Task instructions =>
Print nothing except the lines of the listing below from the line with "Volkswagen Passat 1.4" to the line with "Hedefim Koleji Çubuk", each exactly as written, both ends included.

Exercise inputs =>
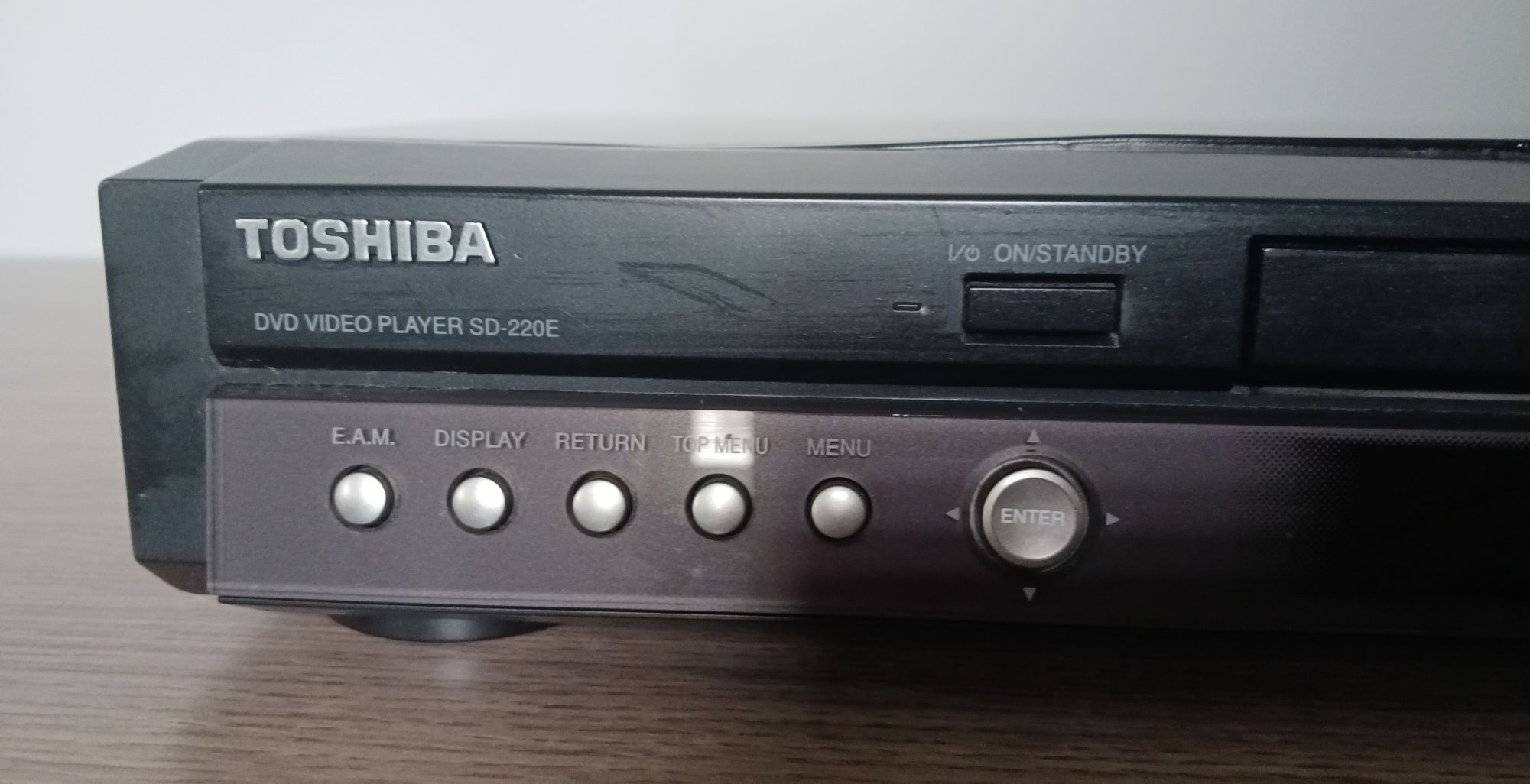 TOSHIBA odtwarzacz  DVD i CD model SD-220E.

---

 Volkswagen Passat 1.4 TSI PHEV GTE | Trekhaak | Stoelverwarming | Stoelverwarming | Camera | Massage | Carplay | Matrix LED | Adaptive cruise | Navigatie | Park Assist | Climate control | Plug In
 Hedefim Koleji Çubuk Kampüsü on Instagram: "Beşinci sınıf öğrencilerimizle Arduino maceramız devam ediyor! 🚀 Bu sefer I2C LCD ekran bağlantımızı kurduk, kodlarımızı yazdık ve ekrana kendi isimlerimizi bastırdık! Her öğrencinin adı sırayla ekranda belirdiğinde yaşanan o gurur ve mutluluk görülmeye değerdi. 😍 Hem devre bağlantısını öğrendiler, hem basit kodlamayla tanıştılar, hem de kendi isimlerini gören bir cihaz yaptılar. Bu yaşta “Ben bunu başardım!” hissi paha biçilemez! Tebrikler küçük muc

Answer to this task =>
 Volkswagen Passat 1.4 TSI PHEV GTE | Trekhaak | Stoelverwarming | Stoelverwarming | Camera | Massage | Carplay | Matrix LED | Adaptive cruise | Navigatie | Park Assist | Climate control | Plug In
 Hedefim Koleji Çubuk Kampüsü on Instagram: "Beşinci sınıf öğrencilerimizle Arduino maceramız devam ediyor! 🚀 Bu sefer I2C LCD ekran bağlantımızı kurduk, kodlarımızı yazdık ve ekrana kendi isimlerimizi bastırdık! Her öğrencinin adı sırayla ekranda belirdiğinde yaşanan o gurur ve mutluluk görülmeye değerdi. 😍 Hem devre bağlantısını öğrendiler, hem basit kodlamayla tanıştılar, hem de kendi isimlerini gören bir cihaz yaptılar. Bu yaşta “Ben bunu başardım!” hissi paha biçilemez! Tebrikler küçük muc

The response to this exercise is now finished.